An embodiment of the present invention will be described with reference to FIG. 3. FIG. 3 is a flowchart illustrating a column-based data managing method according to an embodiment of the present invention.
The column-based data managing method according to the embodiment includes a determining step (S310), a dividing step (S320), and a generating step (S330).

The determining step (S310) determines whether in a partition having one or more column-group data, the size of column-group data file exceeds a partitioning threshold.

The dividing step (S320) divides the column-group data when in the determining step, the size of the column-group data file is determined to exceed the partitioning threshold.
The generating step (S330) generates divided column-group data files according to the dividing.

When the column-group data file has a size larger than the partitioning threshold, the column-based data managing method may divide the column-group data and effectively manage the column-based data.

The determining step (S310) may include the step of determining the size of largest one, among the column-group data files after a compaction process, is in excess of the partitioning threshold.
The dividing step (S320) may include the step of repetitively dividing a column-group data until the column-group data file has a size smaller than the partitioning threshold.
The generating step (S330) may include allowing the name of the divided column group data file to contain at least one of a row key, a column name, and a cell key of the column group data before dividing upon generating the divided column group data file.
For example, by dividing the column-group data of a column-group data file referred to as “foo,,,”, a divided column-group data file with the name of “foo, rowkey1, column1, cell_as” may be generated.
Further, the generating step (S330) may include allowing the name of the divided column-group data file to contain information on the range of column-group data upon generating the divided column-group data file.
Another embodiment of the present invention will be described with reference to FIG. 4. FIG. 4 is a flowchart illustrating a column-based data managing method according to another embodiment of the present invention.
Referring to FIG. 4, the column-based data managing method according to the embodiment determines whether the size of a column-group data file exceeds a partitioning threshold within a partition including one or more column-group data (S410). If the size is determined to exceed the partitioning threshold, the column-group data is determined to correspond to a partition consisting of a single row (S420), and if the single row partition, the column-group data is divided (S430) to generate a divided column-group data files (S440). Unless the partition is single-row partition, the partition is divided with respect to the row (S450).
Accordingly, when the size of column-group data file of a single-row partition is larger than the partitioning threshold, the column-based data managing method may divide the column-group data and thus effectively manage the column-based data. Further, the method may solve a problem that the size of column-group data is limited to the partitioning threshold in the case of a single-row partition and allows for effective management of a row having a size larger than the partitioning threshold.

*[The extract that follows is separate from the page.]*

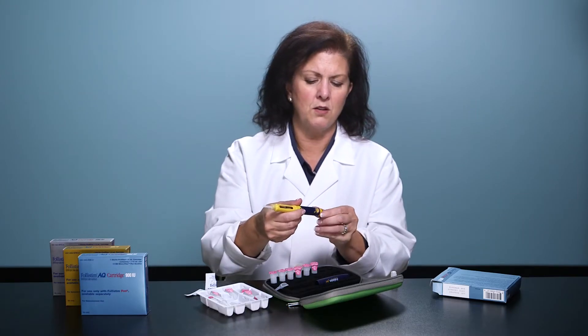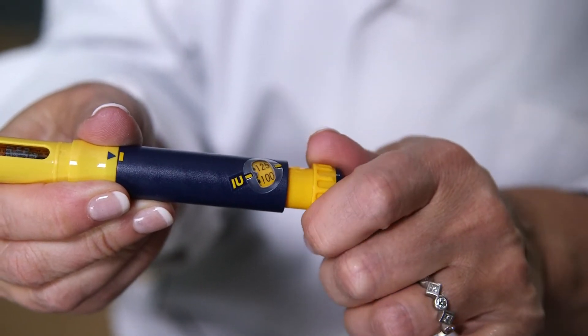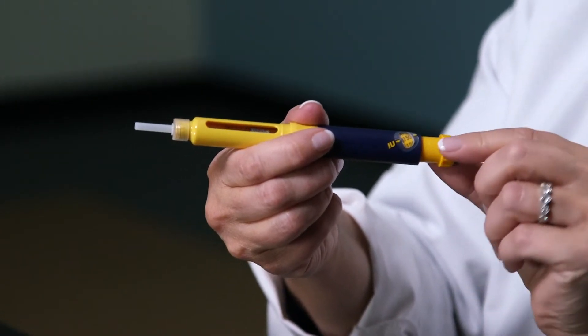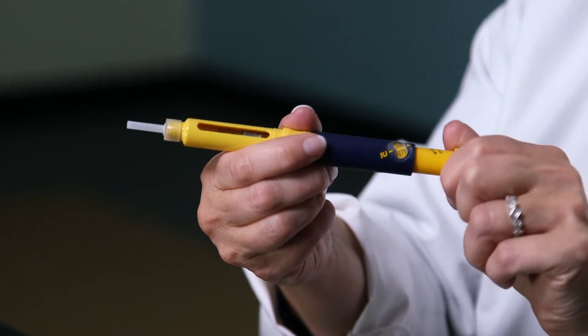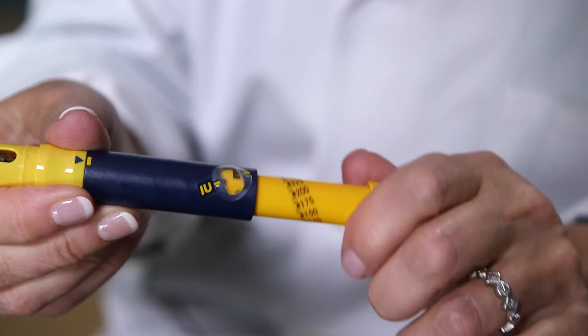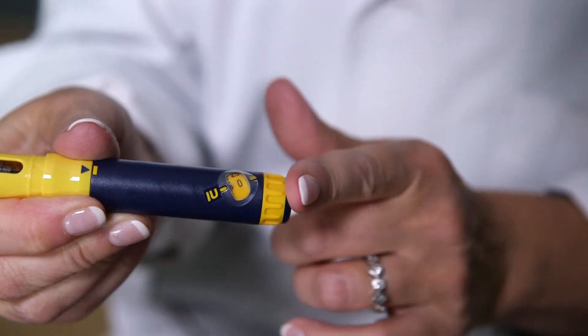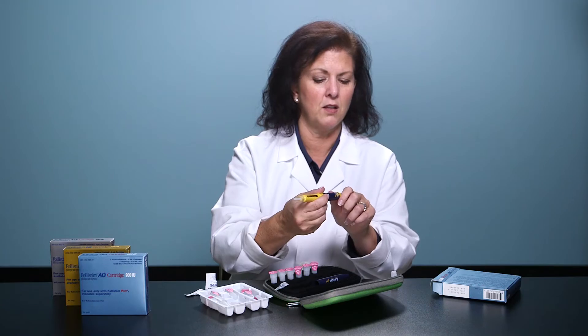The dosage dial is how you dial up your dose. If you over dial your dose, you can't go backwards. If this should happen, scroll forward past the max dose of 450 units — the dosage button will release. You can press back in and start dialing up your dose again.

Another embodiment of the present invention will be described with reference to FIGS. 5 to 7. FIG. 5 is a flowchart illustrating a column-based data managing method according to another embodiment of the present invention. FIG. 6 is a flowchart illustrating a method of dividing a column-group data file with respect to middle key in a column-based data managing apparatus and method according to another embodiment of the present invention. FIG. 7 is a view illustrating an example of dividing a column-group data in a column-based data managing apparatus and method according to another embodiment of the present invention.

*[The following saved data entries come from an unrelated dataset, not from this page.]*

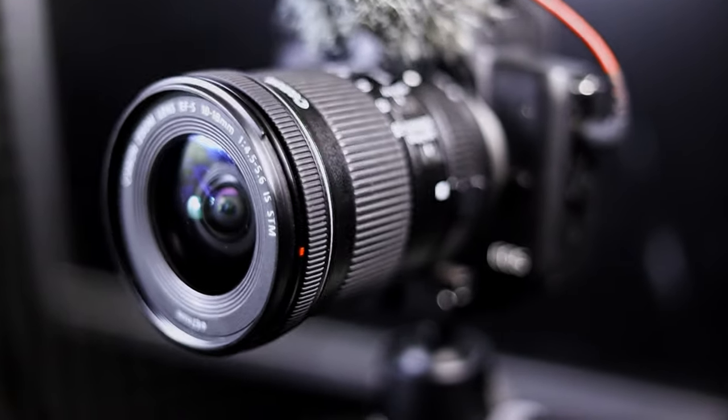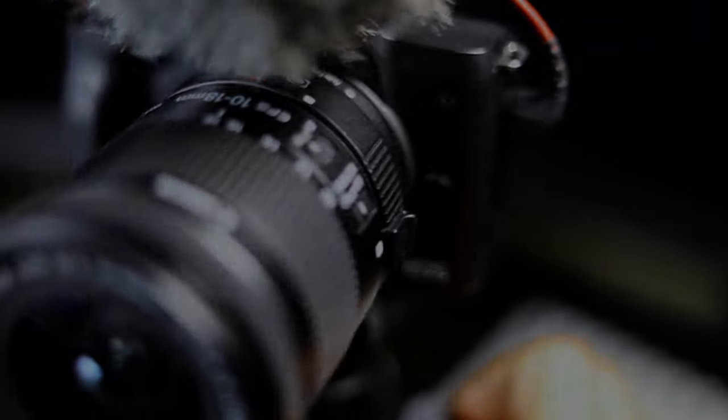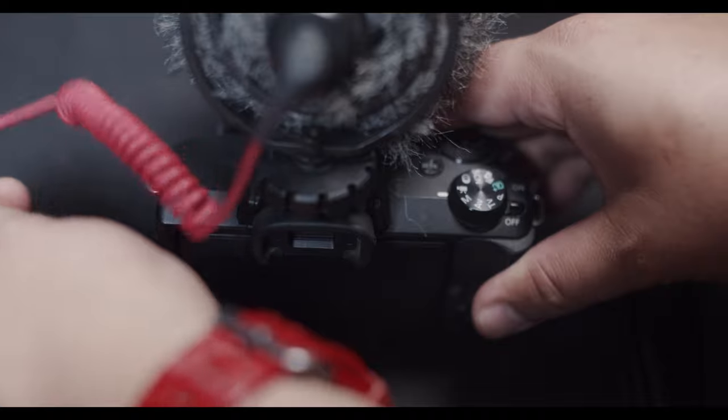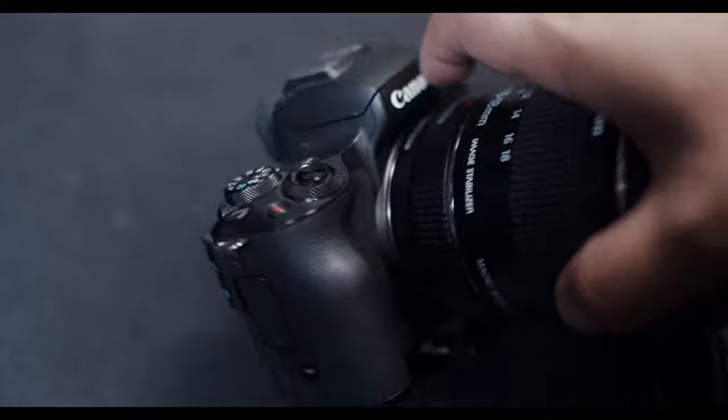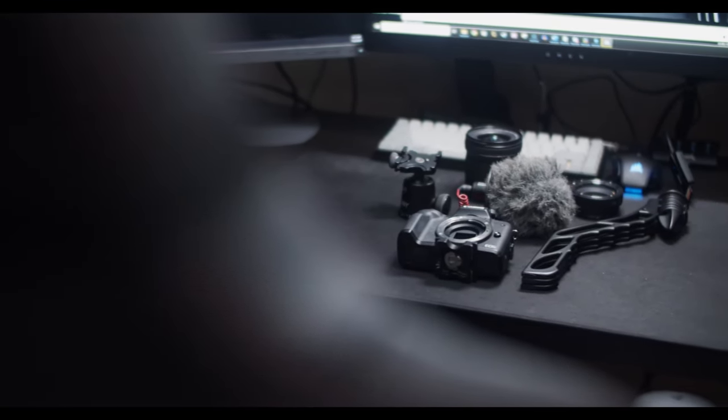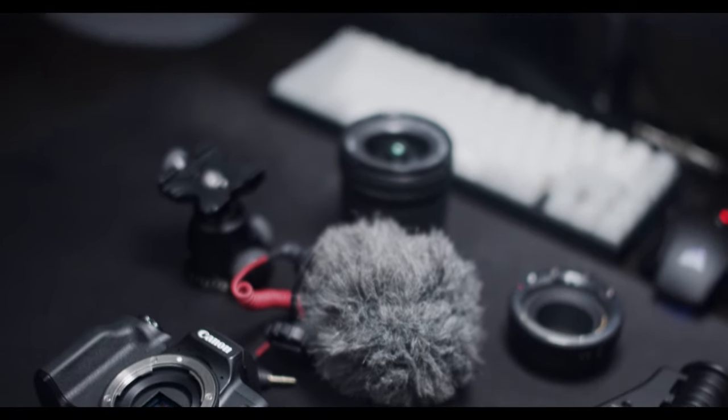Hey guys, welcome back to the channel. In today's video we're going to be taking a look at the Canon EOS M50 as my budget vlogging setup. Now we're going to take the Canon EOS M50 kit I have here apart and talk about each piece individually. Now that we have this thing taken apart, let's go ahead and go over all the pieces that I use on this kit and why I use it.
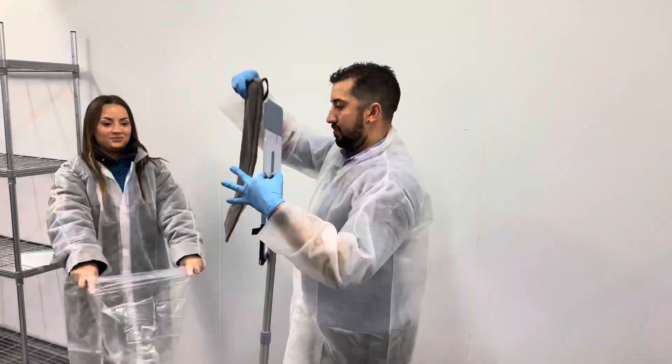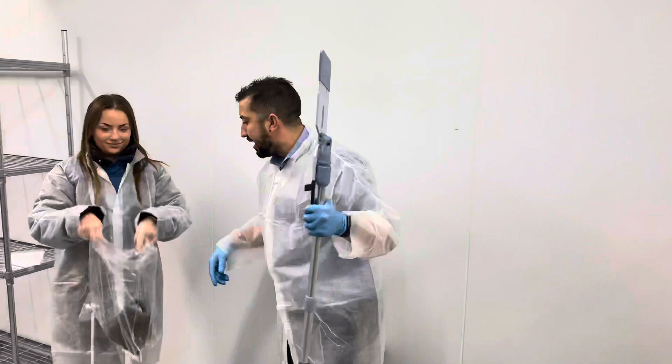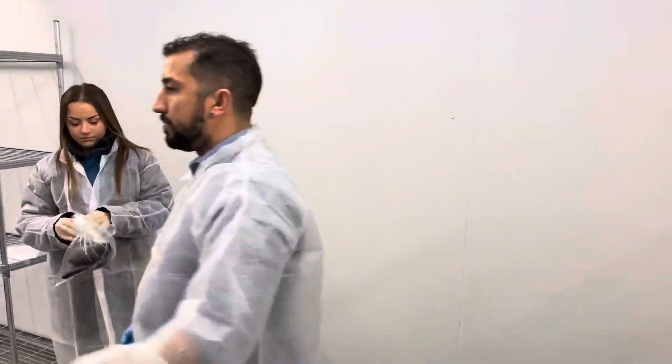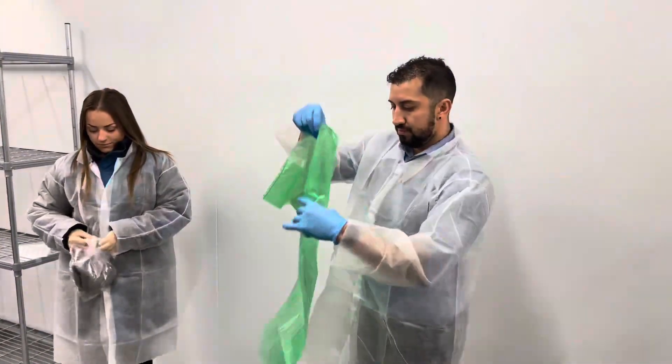Once you've finished, place the mop head into the clear bag that comes in the packet. Tie this up securely and place it into the green bag, which can then be sent to the laundry.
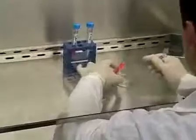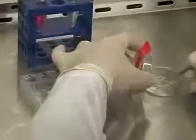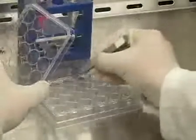First, I'm going to place three sterile German glass cover slips that are 12 millimeters across into a 24-well plate in order to coat them with laminate. Now I have my cover slips in the plate.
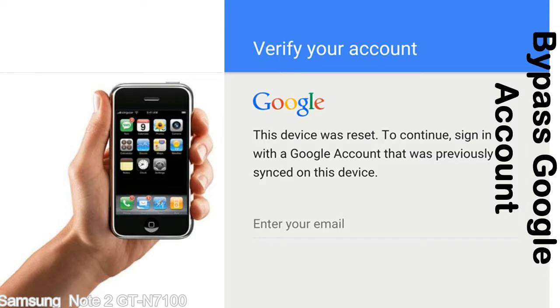This FRP lock is developed by Google and we provide our FRP unlock solution for free. Today we are providing the methods to unlock FRP lock phones. You can use this solution for almost all FRP lock devices.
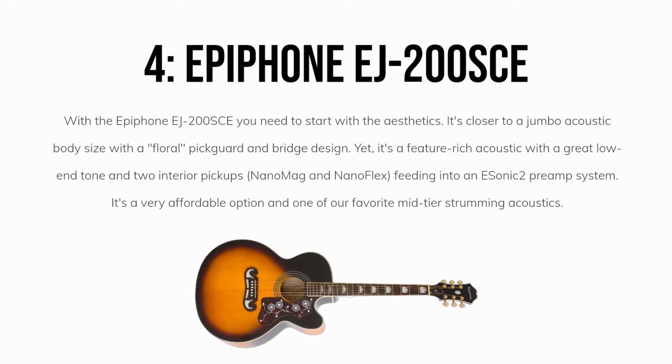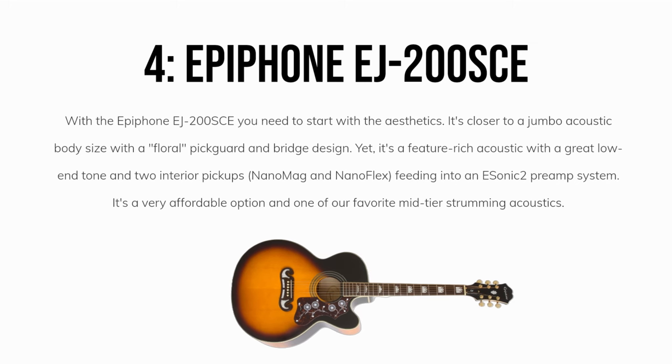With the Epiphone EJ200SCE, you need to start with the aesthetics. It's closer to a jumbo acoustic body size with a floral pickguard and bridge design. It's also a feature-rich acoustic with a great low-end tone and two interior pickups — the NanoMag and NanoFlex — feeding into an eSonic 2 preamp system. It's a very affordable option and one of our favorite mid-tier strumming acoustics.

Referring to FIG. 5, a column-based data managing method according to another embodiment determines whether the size of a column-group data file exceeds a partitioning threshold within a partition including one or more column group data (S510). If the size is determined to exceed the partitioning threshold, the column-group data is determined to correspond to a single-row partition (S520), and if the single-row partition, a middle key is obtained that divides in half the column-group data file to be divided because of exceeding the partitioning threshold (S530) and the column-group data is divided with respect to the middle key (S540). Further, the column-group data is divided to generate a divided column-group data file (S550). Unless the partition is a single-row partition, the partition is divided with respect to the row (S560).
Accordingly, the column-based data managing method may divide the column-group data with respect to the middle key when the size of column-group data file is larger than the partitioning threshold, and effectively manage the column-based data. Further, the method may solve the problem that the size of column-group data is limited to the partitioning threshold in the case of the column-group data is a single-row partition and allows for effective management of a row having a size larger than the partitioning threshold.

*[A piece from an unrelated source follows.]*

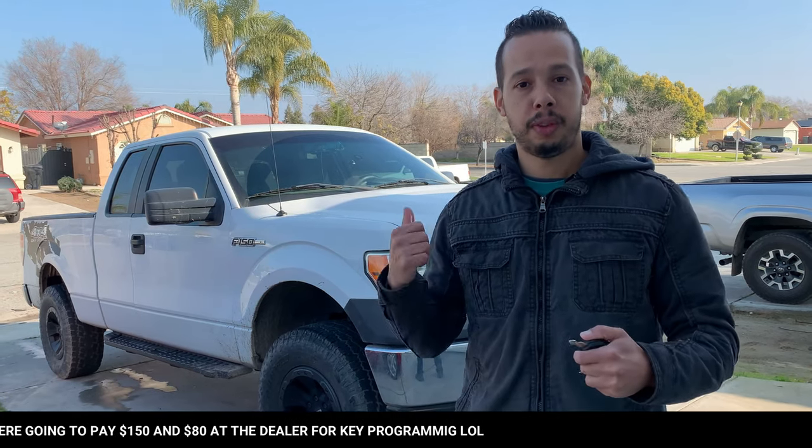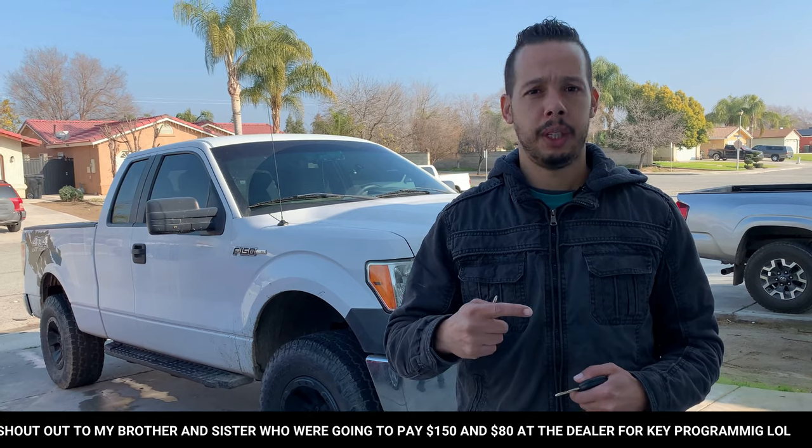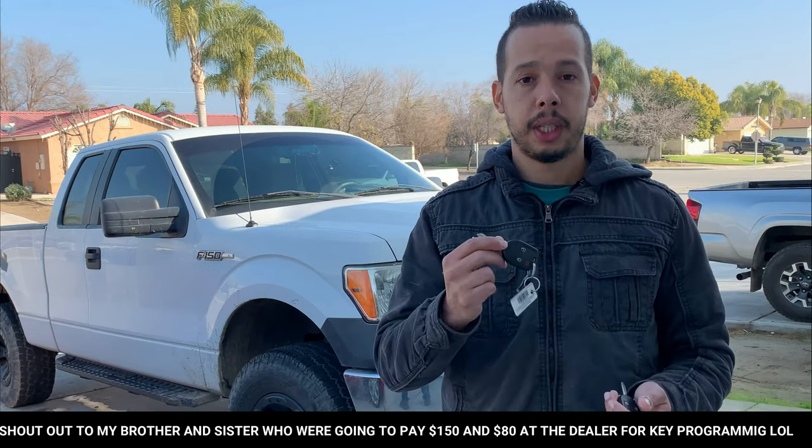Welcome back to Global Scale Channel. It's a new video today about programming new keys. If you have a Ford, I think from 1998 all the way to 2011, this method is going to work. Follow along — I'm going to show you exactly step by step.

The middle key may include at least one of a row key, a column name, and a cell key.
Further, when the column-group data is divided to generate divided column-group data files (S550), the name of the middle key may be added to the name of the divided column-group data files to generate divided column-group data files.
FIG. 6 illustrates dividing a column-group data file with respect to a middle key in a column-based data managing apparatus and method according to another embodiment of the present invention. A middle key is obtained with respect to a column-group data file DF to be divided (S610), which is a basis for dividing the file DF in half (S620). The middle key may include at least one of a row key, a column name, and a cell key. After obtaining the middle key, the column-group data file DF is divided based on the middle key into a BOTTOM file that has a smaller value with respect to the middle key and a TOP file that has an equal or larger value with respect to the middle key (S630).
Thereafter, steps S610 to S640 are repetitively performed on the BOTTOM file and TOP file so that dividing continues to be conducted until the size of BOTTOM file and TOP file is smaller than a partitioning threshold (S640). As steps S610 to S640 are repetitively performed, the BOTTOM file or TOP file becomes the column group data file DF to be divided (S610).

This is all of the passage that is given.